I'm conducting a workshop on THE JOY OF WRITING SEX at the Pacific Northwest Writers Association in July. Along with reading the book of the same name, I'm picking other writers' and readers' brains about the first time they read a book in which there was explicit sex. If you'd please help me out with your observations, I'd appreciate it. What I'd like to know is:
How old were you?
Title and Author?
How was the scene used to advance the story or deepen characterization?
How did it make you feel?
I'll start.
Most folks might imagine my first exposure to sex in fiction was in a romance novel. Not so. I was 17 years old, a junior in high school and in a Contemporary Fiction class. The teacher had given us a laundry list of "college-bound classic" which we had to read and write reports on. I dove into the work with glee. Reading was like candy to me. Still is.

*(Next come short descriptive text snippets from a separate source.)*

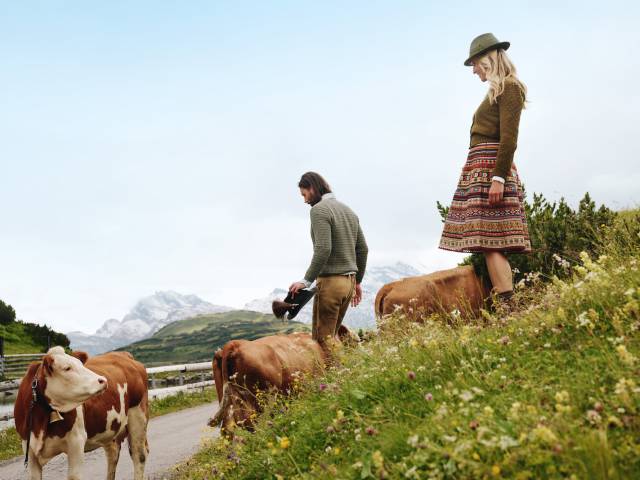 Hiking among cows in the Arlberg region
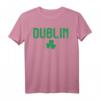 Dublin Whiskey Irish Kobold Kleeblatt Irland T-Shirt – Perfektes Souvenir für Dublin-Reisen & Irland-Urlauber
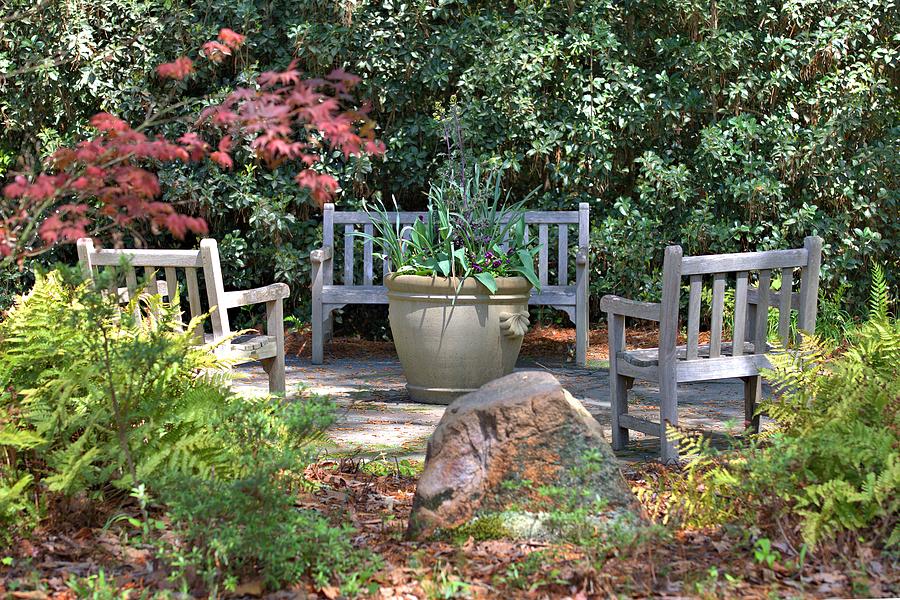 A Quiet Place to Meet Photograph by Gordon Elwell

One of the first titles I pulled from the list was John Updike's RABBIT RUN, a piece of literary fiction that has been roundly hailed by critics as brilliant. TIME listed it as one of the top 100 novels of the 20th century.

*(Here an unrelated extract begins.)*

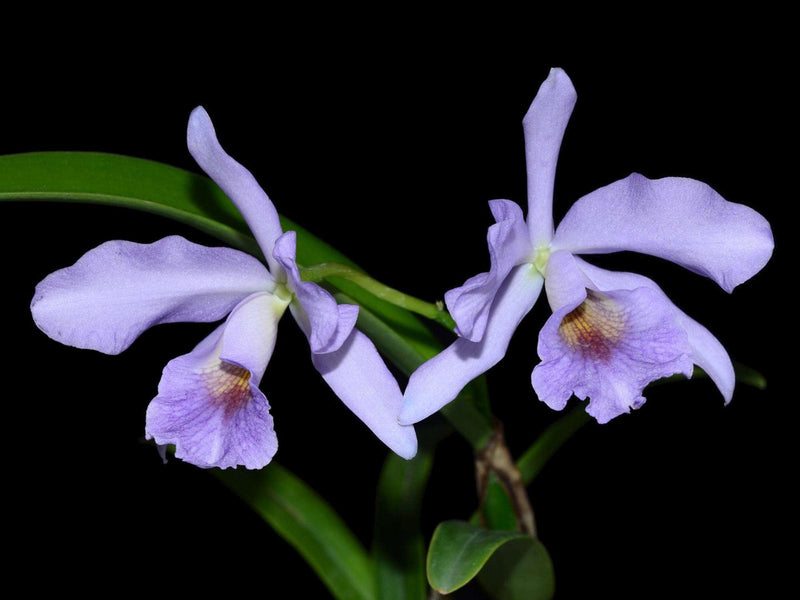 Cattlianthe Chloris 'coerulea'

I was not ready for it. I was pretty naive for this bleak, depressing look at life and relationships. And I was totally shocked by the oral sex "Rabbit" Harry Angstrom coerces Ruth, a prostitute, into performing on the night his wife Janice is giving birth to their child. First, because I had no idea people did such things (told you I was naive) and secondly, because the relationships between Rabbit and Janice and Rabbit and Ruth are cold and abusive. There was no joy. No real pleasure in the exchange for either of them. No connection beyond flesh.

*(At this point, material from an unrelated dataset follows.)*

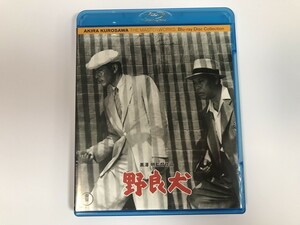 TG956 黒澤明 監督作品 / 野良犬 【Blu-ray】 228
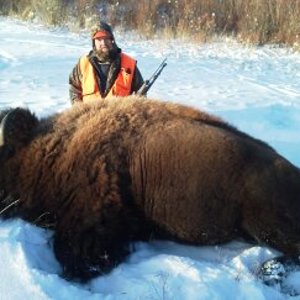 Wyoming Wild Bison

And perhaps that was the point. Updike seemed to be saying "Life is meaningless. We fill it with useless activity and people with whom we have little in common. Get yours." If that was his goal, he achieved it. I felt depressed as I read RABBIT RUN. It felt cheap and dirty.
If I read it again now, I think I'd still find it depressing, but I might have more pity for the characters who are frantically searching for meaning and can't seem to find it.
Ok. Your turn. I'm looking forward to hearing about your literary "first time."
3 comments:
Emily,
I don't remember how old I was...alas... but everyone was talking with shock and disbelief about Lady Chatterley's Lover by D.H. Lawrence.
I was definitely a schoolgirl, and probably in the upper fourth or lower fifth, when we haunted the school library in scholastic pursuit of definitions of naughty words.
The scene that I understood and remember was the one in the shed, where he touches Lady Chatterley in a place I never associated with sex, and to this day do not find sexy.
Moreover, he commented!
I was shocked and horrified, and I've never read anything else by Lawrence. I can't remember if I even finished the book.
I suppose the scene showed what a coarse, rude fellow the gardener was!
Thanks for jumping in, Ro.
Interesting. So far when it comes to more literary fiction, we have a high "ick" factor.
I remember my mother telling me about the first time she read a romance novel. She'd had no idea reading a book could be so "thrilling."
The way I felt about the sex in the first romance novel I read was much different than the Updike sex too. It was a positive experience. It made me feel optimistic and happier.
I was an early prolific reader, and read EVERYTHING that fell into my hands. The one that stands out in my mind, so it must haveeen the first, was when I'd gotten my hands on an adult's poorly hidden pulp porn book. I think age-wise I wasn't even in double digits. The scene that stuck was a woman with two men. I remember being a little shocked and a little intrigued. I wondered how it worked, and why they would want to do that. I also had a friend whose dad had Playboys filling several cupboards. The man had an impressive collection, and my friend and I would read them together, mostly to giggle. This makes me wonder how common it must be to have porn as the first introduction to sex in media/print.
Alongside The Hobbit and Pride and Prejudice, I tried to read Lady Chatterley's Lover and Fanny Hill as a teen--I didn't really like them and thought they were depressing, too. I put them down and didn't finish. Unfortunately for me, another early scene that won't leave my head, and I truly wish I could "unread" was in a horror novel that I'm clearly suppressing because I don't remember who wrote it.
Needless to say, the earliest scenes I read were the ones I really should not have read at such early ages, and there were no loving relationships portrayed in any of them.
The first sex scene that opened my eyes to romance was in SHANNA by Kathleen Woodiwiss. I believe I read it in reprint in college. Not sure. It took my breath away, and I've been in love with romance since.